I am a homeowner living in the” peaceful” subdivision of Cameron Highlands which is nestled just behind Pigeon Lake Golf Course in the Hamlet of Mulhurst Bay.
Recently somebody took action against RV occupied lots within the subdivision and exercised their right and filed a complaint to have landowners conform to the county Land use By-laws. Did they do this to enhance more building development on properties, or fear these lots will down grade their property values? Who knows why? Consequently, 11 landowners have been issued notices to conform.
Of the 11 landowners, two are neighbours, one who is 86 and is legally blind and his family, and the other neighbour who is 87 and his family have given 22 and 37 years respectively to create their well-maintained RV retreats.

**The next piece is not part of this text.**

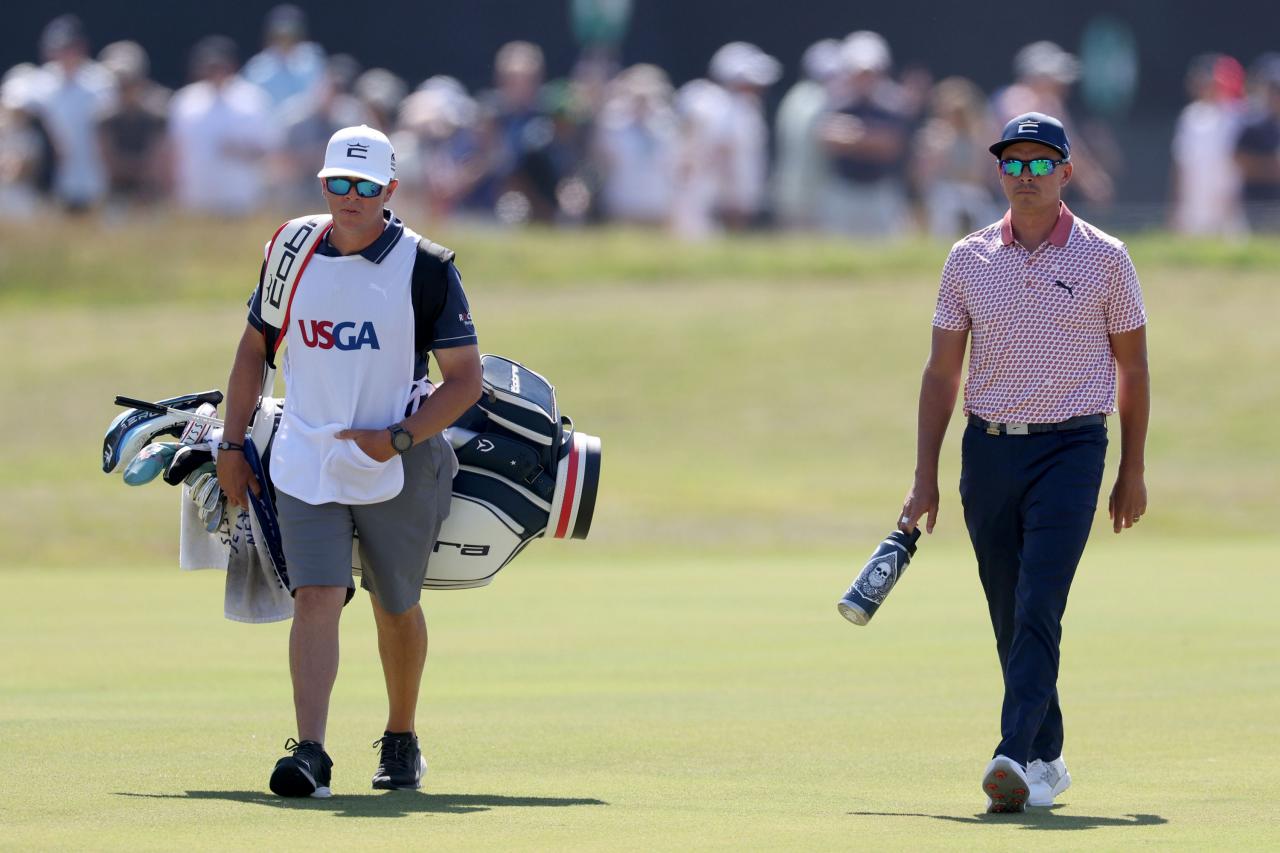 Stickers adorn Rickie Fowler's ever-present water bottle at US Open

These lots were carved out under the former Recreational Land use by-laws and unknowingly changed to residential in 1995. Witnessing the hurt, frustration and agony imposed on these families has hurt me to the bone as they have been very good neighbours and are good friends.
Since the county is acting on the current situation in our subdivision, they will have to act on others within the community and throughout the county as per their approved proposals. No doubt, this will force the county having to employ additional personnel resulting in added cost to the County and increases in taxes. Mulhurst Bay is a nice, quiet, friendly, community with a laid back atmosphere which is why I chose to retire here. I don’t know if that will now change. Sometimes I wonder why people don’t just mind their own business.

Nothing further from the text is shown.